Pinellas superintendent Julie Janssen hit those themes Thursday in addressing two vastly different topics — the expansion of fundamental schools and the high cost of the 2002 class-size amendment.
On the former, Janssen said the district should continue to add seats in fundamental schools — back-to-basics schools that put emphasis on parental involvement — as long as parents keep lining up to get into them.
"I really believe we need to give our families what they're asking for," she said.
But on the class-size amendment — which Florida voters approved by overwhelming margins — Janssen said the research doesn't justify the expense.
"I'm not sure there are any statistics out there that says 25 students in the class yields much higher student success than 30 students in the class," she said. "And because we're going to classroom by classroom (caps) next year, it's devastating."
Janssen, heading into her second year as superintendent, made both remarks while addressing a wide range of subjects during her first appearance at the Suncoast Tiger Bay Club.
Pinellas expanded the number of fundamental seats from 5,696 last fall to 7,176 this fall — the biggest one-year jump in the program's 33-year history. Besides easing growing parental demand, the increase will save the district money because most fundamental parents must provide their kids' transportation.
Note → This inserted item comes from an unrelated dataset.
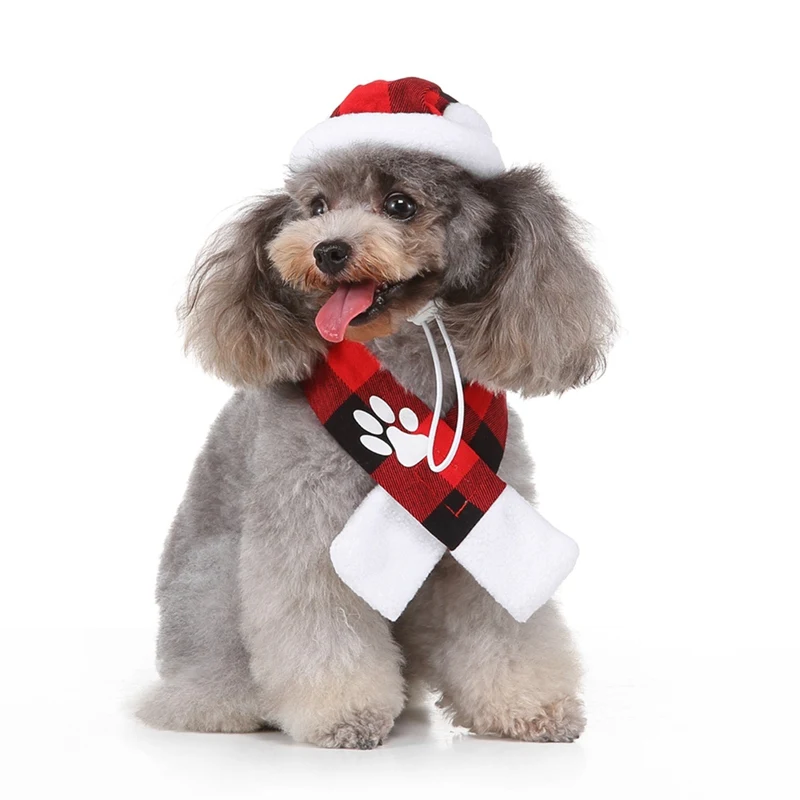 

Pet Winter Hat And Scarf Set, Red And Black Plaids Holidays And Festivals Costume For Small Dogs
But some school board members quietly worry about potential tradeoffs. It's not clear how withdrawing thousands of involved parents and high-performing students will affect teachers and students in nonfundamental schools.
Janssen said the district is moving from "a scarcity model to a supply-and-demand model" and must offer more fundamental seats to counter competition from charter schools and private-school vouchers. More specifically, she said another fundamental high school may be needed to complement the lone program at Osceola High.
This year, more than 950 families applied for 450 ninth-grade slots at Osceola, up from 425 when it started four years ago, said Dan Evans, the assistant principal who oversees the fundamental program there.
"Next year we're going to have more than 1,000 applicants … and we'll have a lot of people who are disappointed," he said.
On class size, Pinellas will spend $113 million next year alone to pay for the additional teachers needed to meet the amendment's requirements. For perspective, the district cut $38.7 million out of next year's budget and is relying on a proposed increase in the property tax rate to keep from cutting more.
The amendment requires that by the start of the 2010 school year, core classes not exceed 18 students in prekindergarten through third grades, 22 in grades 4-8 and 25 in high school. Until now, districts were in compliance if they met those limits on a schoolwide average. But next year, they must meet them classroom by classroom.
Janssen said in an interview after her appearance that she supports past legislative proposals, expected to come up again next year, that would ask voters to replace the classroom caps with a schoolwide average.
"That's a help," she said. "I'd prefer they put something on the ballot that is anything but classroom by classroom."